Volleyball information
- Position: Middle blocker

National team
|  | United States |

= Phil Eatherton =

American volleyball player

Phillip Daniel Eatherton (born January 2, 1974) is an American former volleyball player. He played for the United States national team at the 2004 Summer Olympics. He also played for Ball State University.

==Career==
===College===
Eatherton attended Ball State and played on the school's volleyball team from 1994 to 1997. In 1995, he helped the team finish third in the NCAA Championships and was named to the All-Midwest Intercollegiate Volleyball Association second team. In 1997, Eatherton set a Ball State record with a .443 hitting percentage.
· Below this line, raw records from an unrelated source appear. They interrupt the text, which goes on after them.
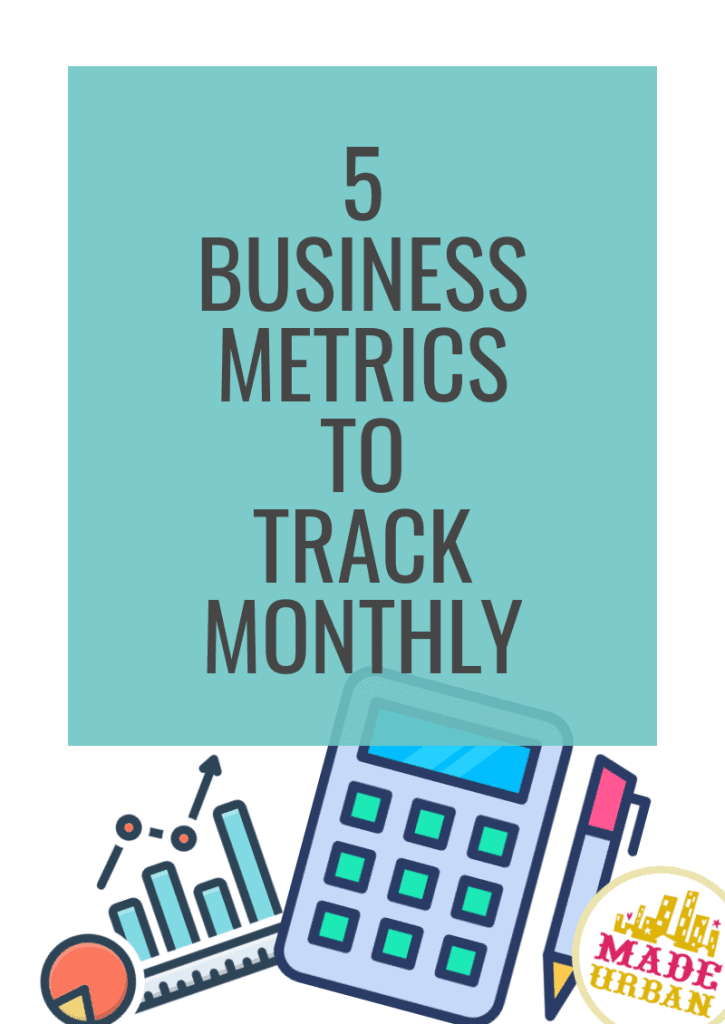 5 Business Metrics to Track Monthly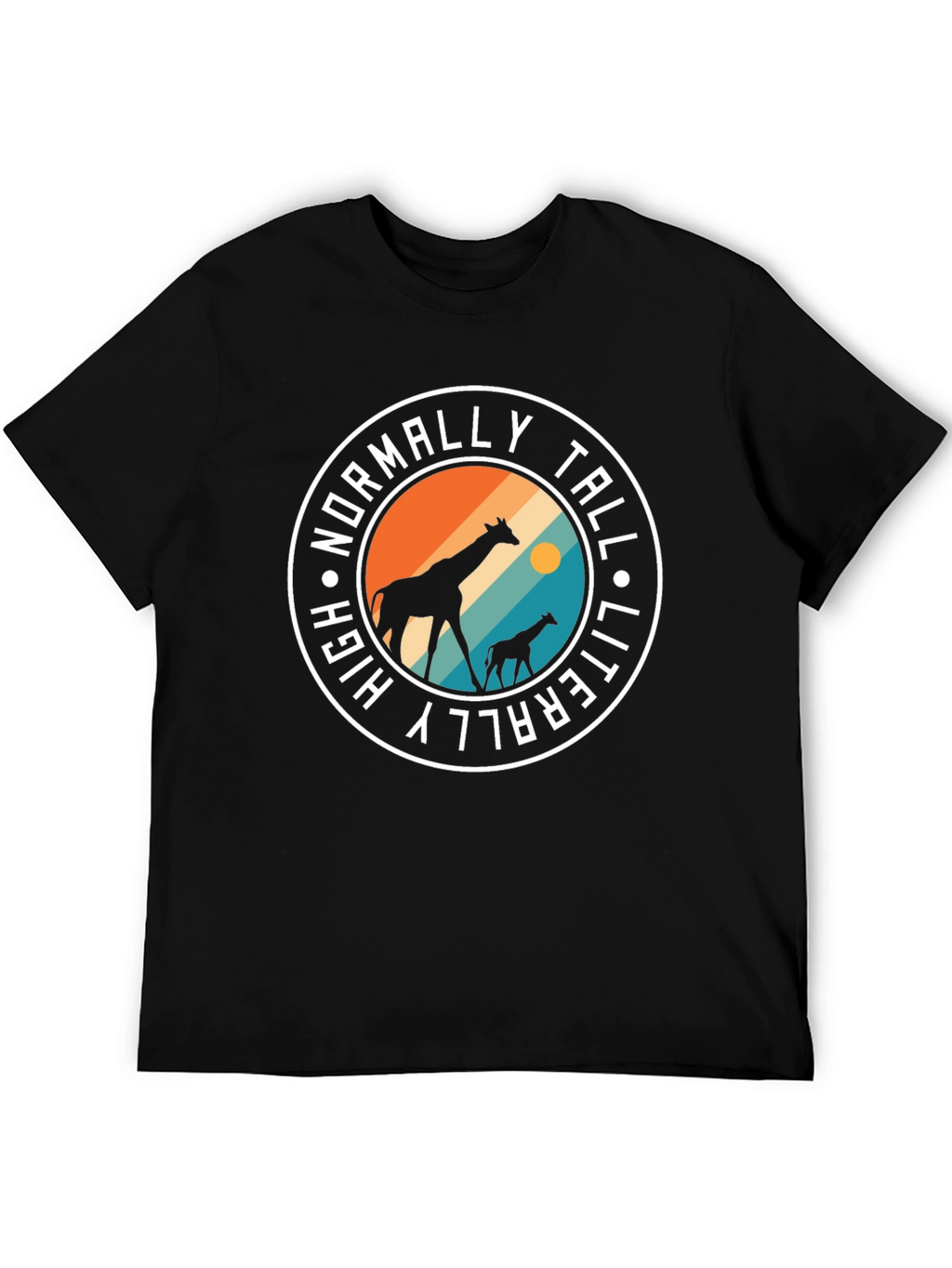 High Giraffe Tee: Normally Tall Literally High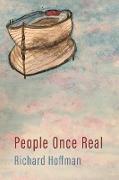People Once Real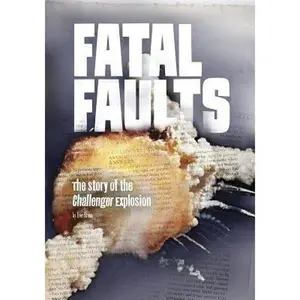 USED-Fatal Faults: The Story of the Challenger Explosion by Braun, Eric (Paperback)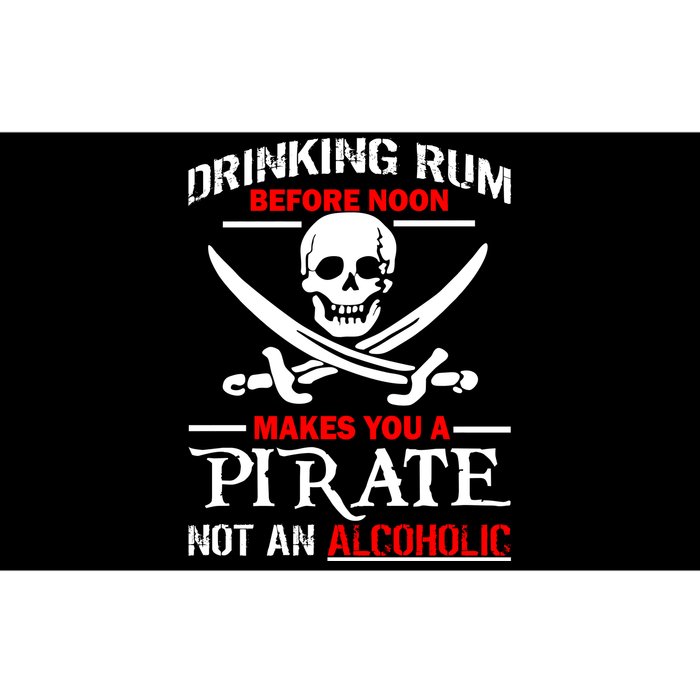 Drinking Rum Before Noon Makes You A Pirate Bumper Sticker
He helped the Cardinals win the MIVA championship and was named to the All-MIVA first team.

Eatherton set school records in career total blocks (575), block assists (477), and second in career hitting percentage (.422). In 2008, he was inducted into the Ball State Athletic Hall of Fame.

===International===
Eatherton joined the U.S. national team in 1997. He played in the 1998 World Championships, 1999 Pan American Games, and 2000 World League. At the 2004 Summer Olympics, he helped the U.S. finish fourth. Eatherton received the Sagamore of the Wabash Award from Indiana's governor in recognition of the contributions he made to the state.

Eatherton played on the U.S. teams that won a silver medal at the 2005 FIVB World Grand Champions Cup, the gold medal at the 2006 Pan American Cup, the bronze medal at the 2007 FIVB World League, and the gold medal at the 2008 FIVB World League. He was an alternate for the team at the 2008 Summer Olympics.

==Personal==
Eatherton was born in Glencoe, Missouri, on January 2, 1974. He is 6 feet, 9 inches tall.

Eatherton has two brothers and two sisters. He once was a contestant on The Price Is Right, making it all the way to the "Showcase Showdown".